Every part of our society is being financialised by the rent collectors; in terms public goods the overblown rhetoric of ‘social enterprise’ is dissolving away any notion of valuing culture outside of the economic sense – and even then, this is economics in the narrowest and most reductive of framings. The spaces which would have been used by the communities for free are now becoming rented out by the hour, be they churches, community centres or any spare rooms.
So, the way I envisaged building the capability is creating a mobile technology suite. Adapt, Improvise, Overcome. Take a flycase – as you see roadies use for transporting bands music equipment; fill it with ten laptops – which is the basis of a small class; add a projector, amp and screen in a rucksack – so that a blackboard/screening environment can be created; add a MiFi portable modem/router – which allows the computers to all connect to the internet; add a video camera and audio recorder, some USB keys: et viola, a basic classroom which can be set up anywhere…

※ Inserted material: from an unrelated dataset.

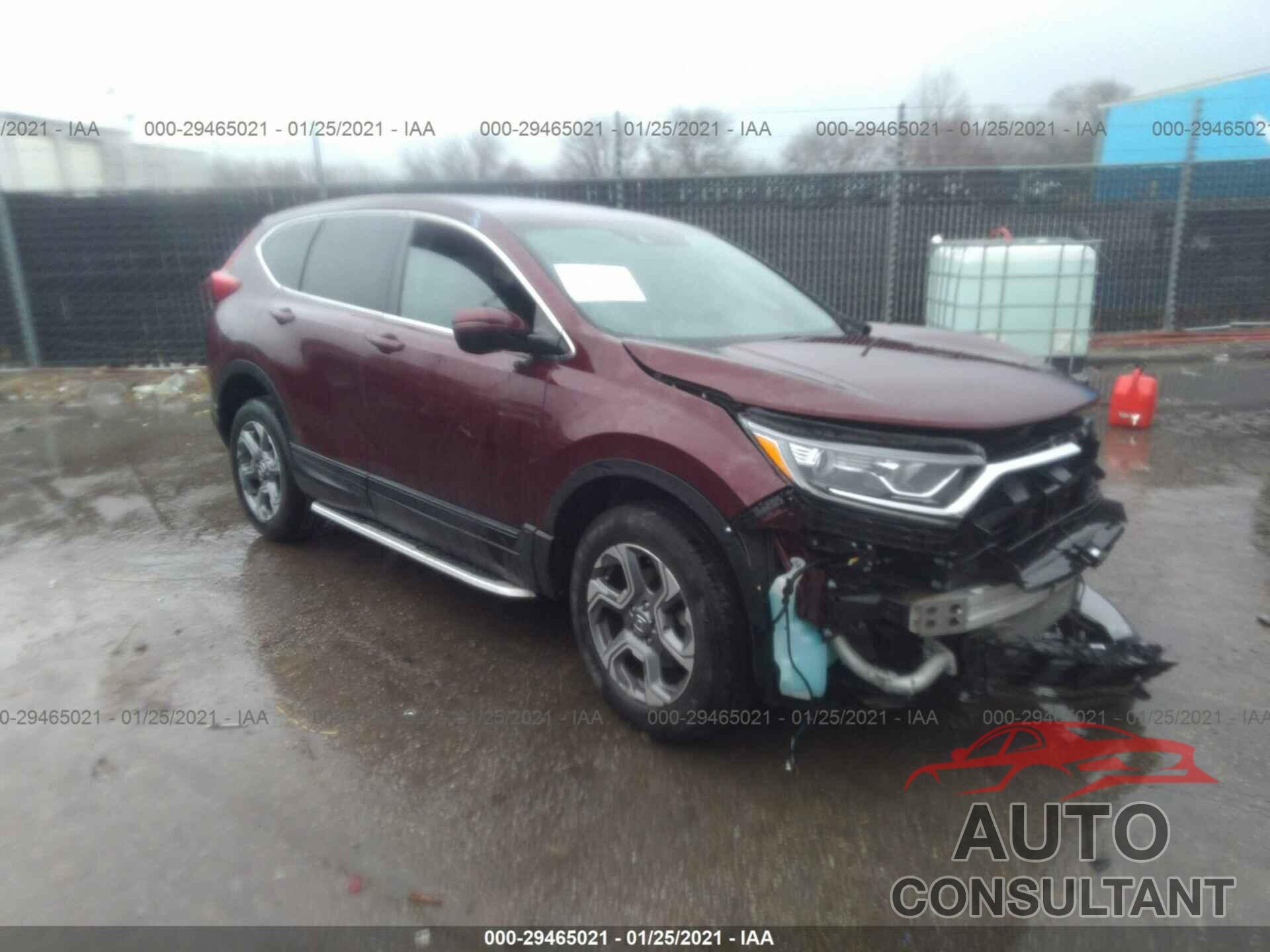 HONDA CR-V 2018 - 7FARW2H56JE019810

So I told Glenn Liddall who runs People Know How about the idea, saying if you can suit and boot me with this kit then I can do loads of stuff in communities where nothing like this happens. In fact, we can do teaching anywhere because it is all transportable and technology which we are in control of. Thus I gave him the following shopping list which he is bringing together:
- A flycase with wheels so that the equipment is mobile;
- A projector to form a ‘blackboard area’;
- A video camera
- An audio recorder
- A small portable amp for sound
- An osprey or kite from EE with a contract to enable connection of the ten laptops to the internet.
- A significant hosting account sufficient to give communities websites
- USBs to give to communities
With this kit you can move into almost any space, set up and deliver training; people can be given something to invest in – usb drives with operating systems on; websites, blogs, social media.
Sugata Mitra’s work can be realised by doing the type of exams which he recommended to me in conversation with him. He said in summary, why not set exams and put people in front of computers and preface each exam question with: USE THE INTERNET TO….
We can do video and audio work using the principles of participatory action research and/or forum theatre to highlight the voices and concerns of the community revealing social justice issue or the work that the community has done to the world wide community of the internet.
This produces artifacts which can then be retrospectively valued using Keith Smyth’s work. Over time, online courses can be developed on Community Open Online Courses, which serve as guides to common problems and as another medium for artifact creation.